Lundquist College of Business management faculty are teaching at the highest levels and are out-researching some major names in academia, and doing so with smaller endowments and fewer faculty members.

During the past five years, the University of Oregon Department of Management is the eighth most productive department per capita, publishing in the field's top journals, according to Texas A&M/University of Georgia/National University of Singapore Rankings of Management Department Research Productivity. The rankings aggregate publications in the eight top-tier journals in management, by management faculty in U.S. business schools. The top 150 are ranked both by year and by five-year total.

The Lundquist College is the smallest department on the list—joining the likes of USC, Notre Dame, and the University of Pennsylvania among others.

In one illustrative example, the faculty at the University of Pennsylvania's Wharton School produced two publications per faculty member during the time period. For the Lundquist College, that number was 2.7.

In other words, these Ducks are busy.

When she isn't testifying before Congress Associate Professor of Management and Inman Research Scholar Lauren Lanahan is publishing in the American Economic Review and influencing conversations in the journal Nature (like this one.)

In another example of many, Assistant Professor of Management Alex Murray earned the Best Reviewer Award from the Academy of Management Review, the Excellence in Undergraduate Teaching Award and the Goulet Outstanding Research Award from the Lundquist College of Business, and the Consumer Protection Grant Award from the University of Oregon—and that's just in the first part of 2023.

Associate Professor of Management David Wagner, department head and Doug McKay Research Scholar, attributes part of the department’s success to the collegial, pleasant, apolitical work ethic of the group and the intellectual ecosystem.
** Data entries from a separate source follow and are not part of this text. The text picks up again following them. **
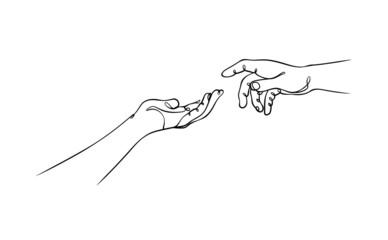 two hands reaching out, one line vector illustration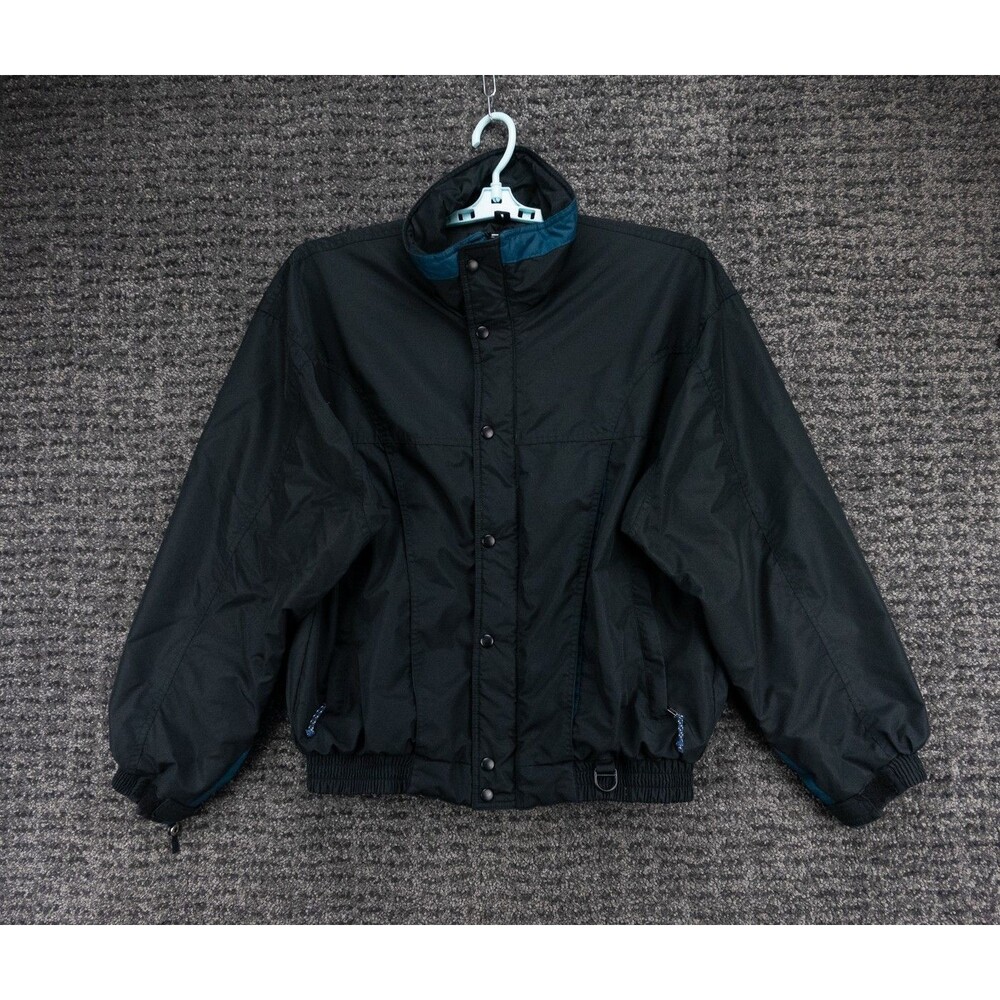 Vintage Sierra Sport Bomber Jacket Mens Large Black Full Zip Lined Windbreaker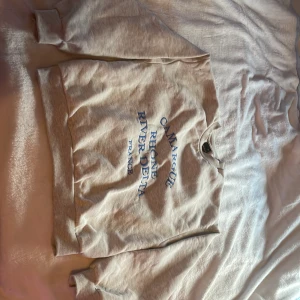 Grå sweatshirt Gina Tricot XS - Beige sweatshirt från Gina Tricot i storlek XS med blå text framtill: 'Camargue Rhône River Delta France'. Mjuk insida, rund hals och långa ärmar. Perfekt för chill dagar och enkel att matcha med jeans eller leggings.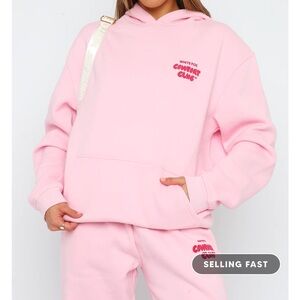 white fox pink hoodie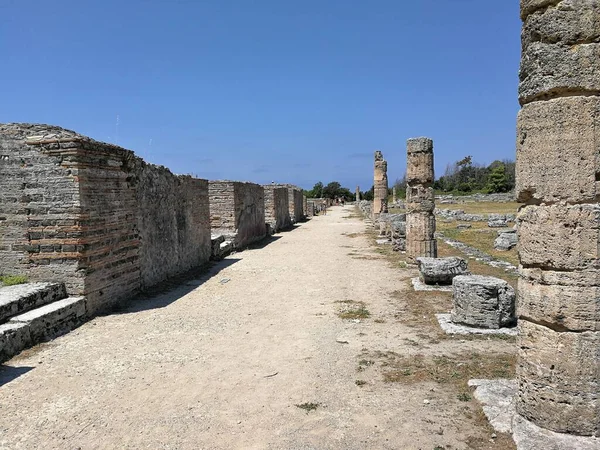 Paestum Salerno Campania Italy July 2018 Remains Portico Roman Forum — Stock Photo, Image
"We've always valued having really smart, curious, non-ego-driven faculty, who are really pleasant people," Wagner said. "Even our emerit faculty are involved and care deeply about contributing. This helps to bring in quality new scholars. For many, we are a dream location: a world-class intellectual climate in an incredible natural environment—the state of Oregon. It makes for collegial, long-term collaborations."

The future of the department is looking bright, with our 11-person research faculty adding three more talented researchers in the coming year.

"In the end, we help accelerate scientific discovery by learning how to take breakthroughs to market," he said.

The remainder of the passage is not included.